Rep. Elise Stefanik, 38, looks on during a news conference at the Capitol on August 12, 2022.

Drew Angerer/Getty Images

More youthful representation in Congress

The younger legislative blood represents but a few drops in Congress. 

At the start of the current congressional session in January 2021, only 40 people aged 40 and under served in the 535-member institution, according to data gathered by FiscalNote. The average age of the House is 58. In the Senate, it’s older: 63.

On balance, baby boomers rule. Democratic Rep. Ritchie Torres of New York, 34, said he feels like “an infant” in Congress. 

Sen. Brian Schatz was the youngest member of the upper chamber when he joined in 2012 at 40. Before that, he was the youngest lieutenant governor of Hawaii, the youngest chair of the state’s Democratic Party, and the youngest in the state legislature.

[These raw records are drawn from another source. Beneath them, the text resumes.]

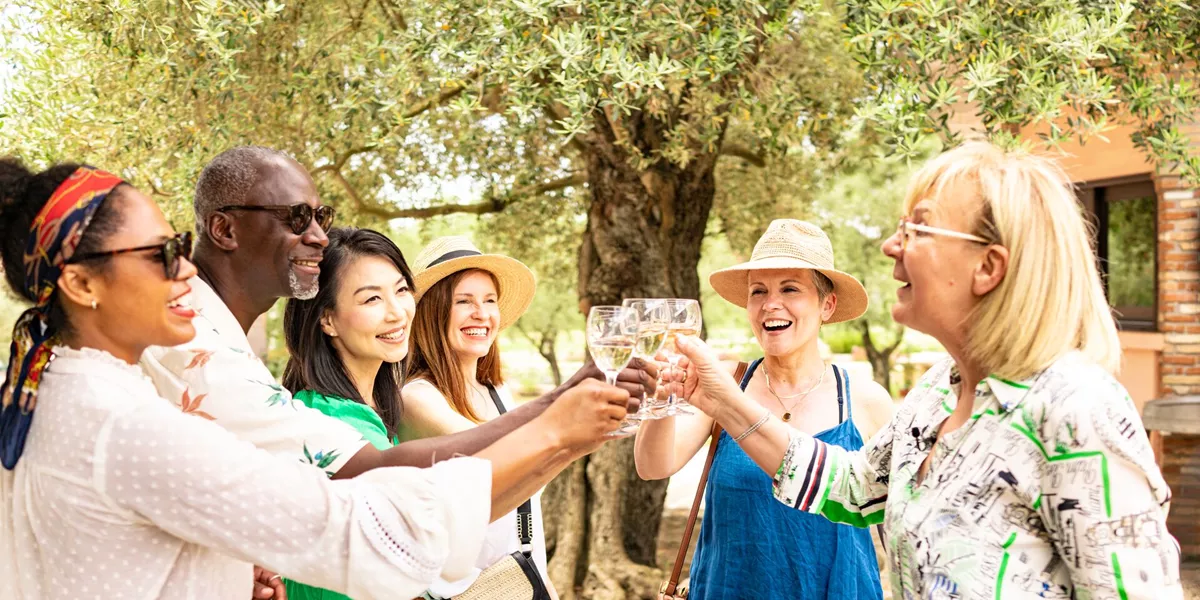 Guests holding up drinks at a Be My Guest experience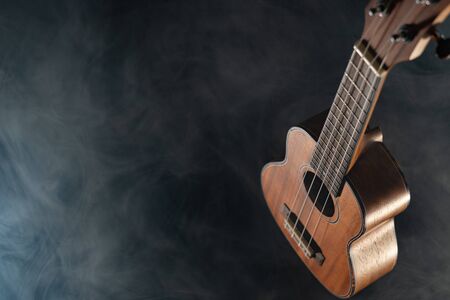 Hawaii ukulele guitar isolated against black background with smokeの写真素材
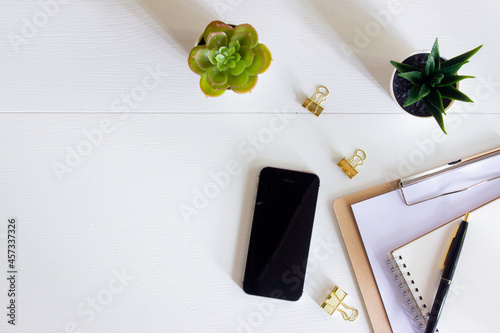 Working items on a white table with nature light. 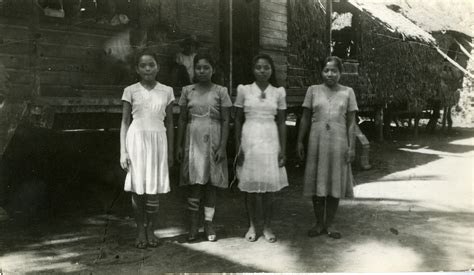 Four young Filipino women stand in their village, Philippines | The Digital Collections of the ...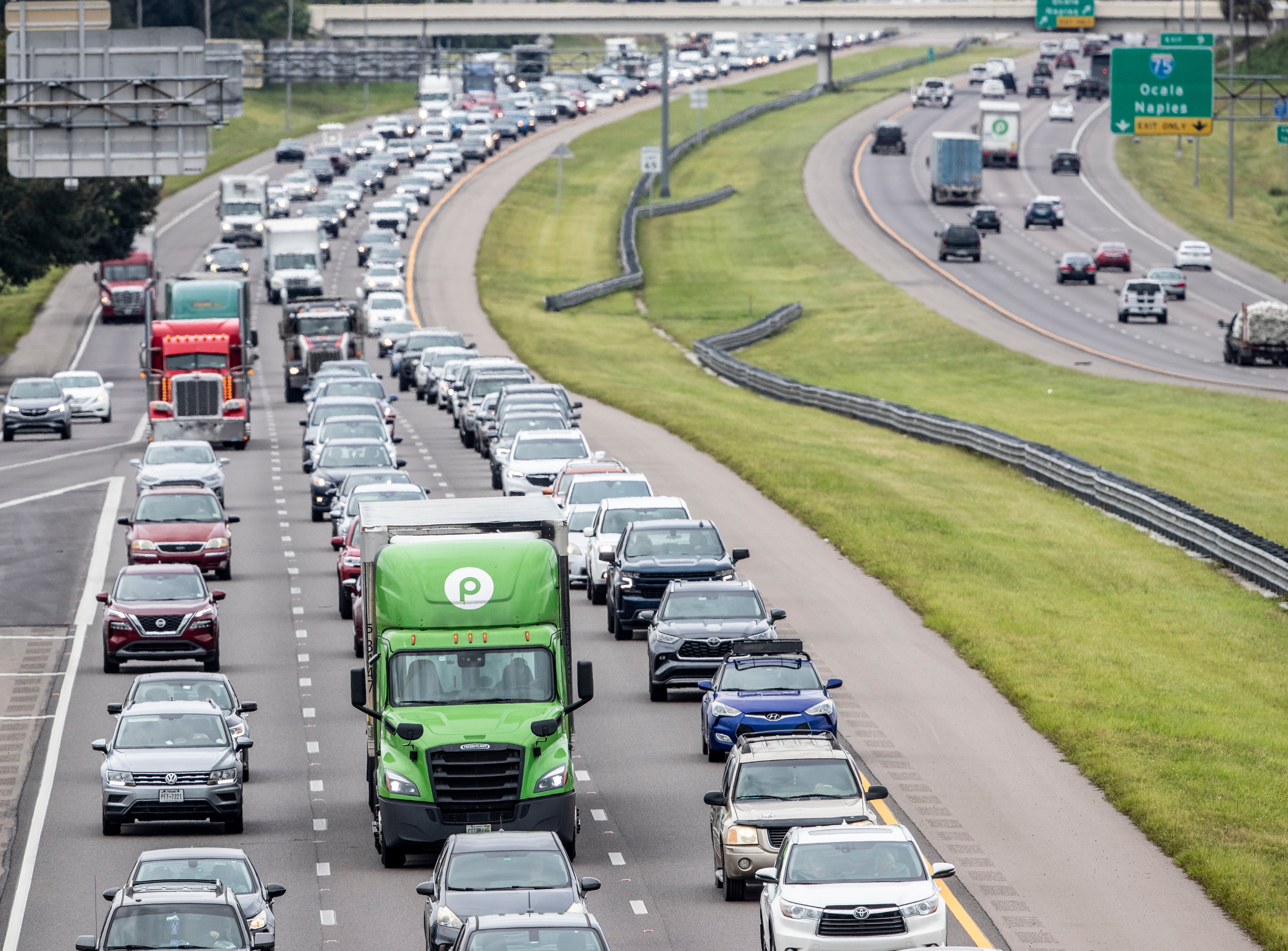 Traffic builds along Interstate 4 in Tampa, Fla., Tuesday, Sept. 27, 2022, as Hurricane Ian approaches. (Willie J. Allen Jr./Orlando Sentinel via AP)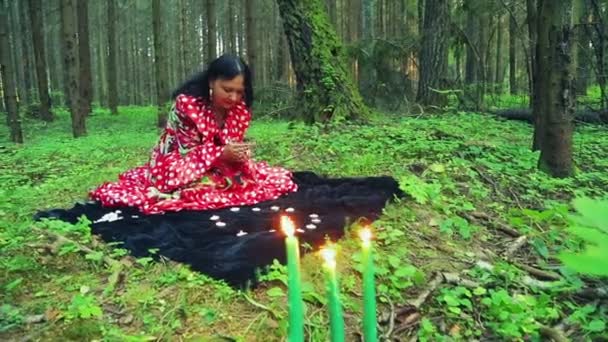 Een jonge zigeunervrouw in het bos gooit kiezels en magische bewegingen maakt met haar handen over het branden van kaarsen. — Stockvideo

“I was always accustomed to being the youngest,” Schatz told Insider at the Capitol. 

The now 49-year-old senator, an avid Twitter user and self-described climate hawk, said the country would be better served by voices that represent all parts of America. 

“Congress should look like America, and that is diversity in every way: geographic, economic, age, ethnic background,” he said. “Congress has been improving in terms of becoming more diverse, but it still skews towards old white guys.”

Sen. Jon Ossoff, 35, during a Senate Judiciary Committee confirmation hearing on March 22, 2022.

AP Photo/Alex Brandon

The current youngest senator, Jon Ossoff, said he also believed Congress would benefit from more youthful representation because younger generations bring different ideas.

“One’s perspective, on the country, the world, on history, on the issues of the day, is influenced by one’s experience and one’s experience is formed by one’s era,” the 35-year-old Georgia Democrat said.

During his 2020 Senate campaign, Ossoff used TikTok to appeal to millennial and Gen Z voters and framed his platform around issues like the climate-change crisis and criminal-justice reform. Georgia’s runoff elections had record turnout, with more than half of the state’s 75,000 newly registered voters under the age of 35, The New York Times reported.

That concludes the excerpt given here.